MLA for Cranbrook
- In office 1922–1928
- Preceded by: James Horace King
- Succeeded by: Frank Mitchell MacPherson

Personal details
- Born: March 12, 1865 London, England
- Died: March 4, 1948 (aged 82) Victoria, British Columbia, Canada
- Party: Conservative
- Occupation: government agent

= Noel Wallinger =

Canadian politician

Noel Stirling Austin Arnold Wallinger (March 12, 1865 - March 4, 1948) was an English-born miner, civil servant and political figure in British Columbia. He represented Cranbrook in the Legislative Assembly of British Columbia from 1922 to 1928 as a Conservative.

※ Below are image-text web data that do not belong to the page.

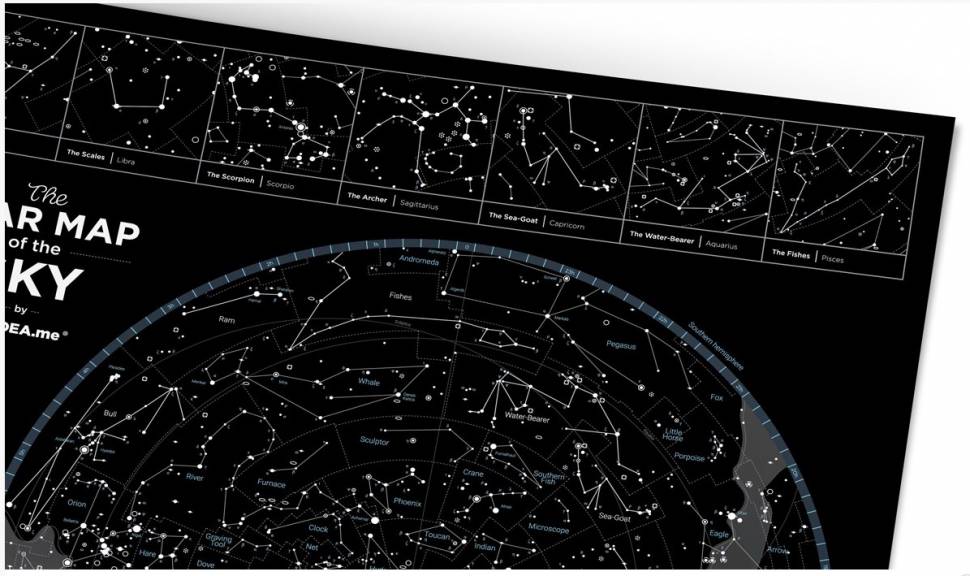 Светящаяся карта Звездного Неба Star Map of The Sky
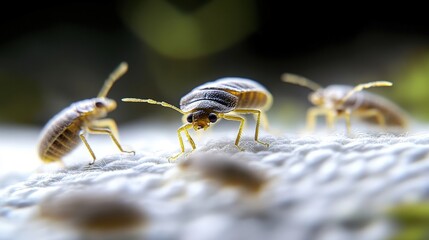 Naklejka premium Close-up View of Three Bed Bugs Exhibiting Segmented Bodies Antennae on Textured White Surface with Blurred Nymphs in the Foreground Image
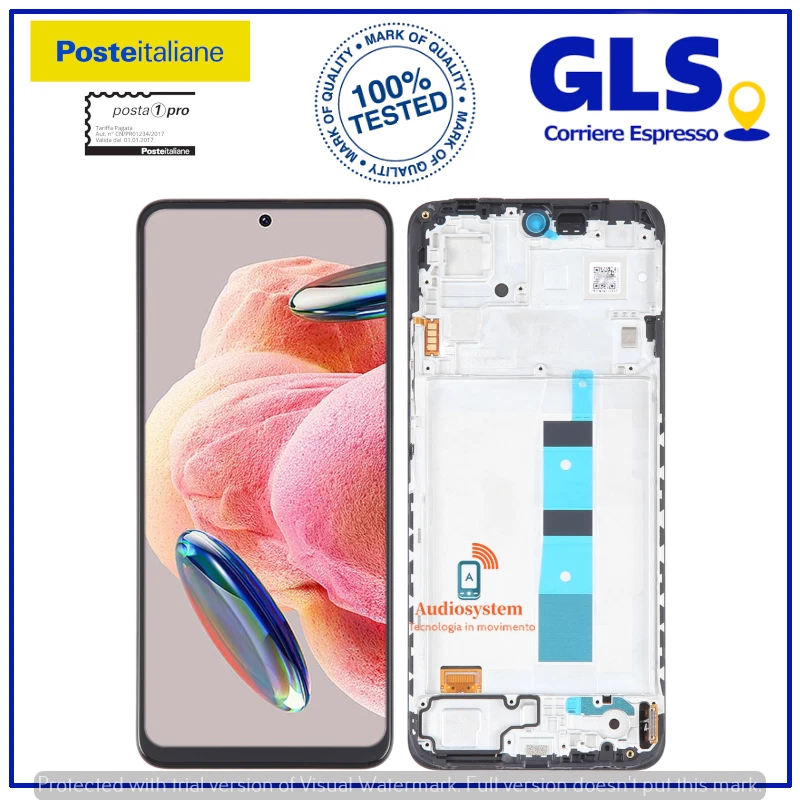 DISPLAY TOUCH SCREEN+FRAME XIAOMI REDMI NOTE 12 4G 23021RAA2Y SCHERMO VETRO NERO - Immagine 1 di 1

He was born in London, the son of James Nasmyth Arnold Wallinger and Marian Collier, and was educated at the King's College School in London and the Royal Agricultural College. Wallinger came to Canada in 1884. In 1895, he married Jessie Ariel Beale. He served as government agent and gold commissioner from 1914 to 1922. Wallinger was first elected to the assembly in a 1922 by-election held after James Horace King resigned to run for a federal seat. He was defeated by Frank Mitchell MacPherson when he ran for reelection to a third term in 1928. Wallinger died in Victoria at the age of 82.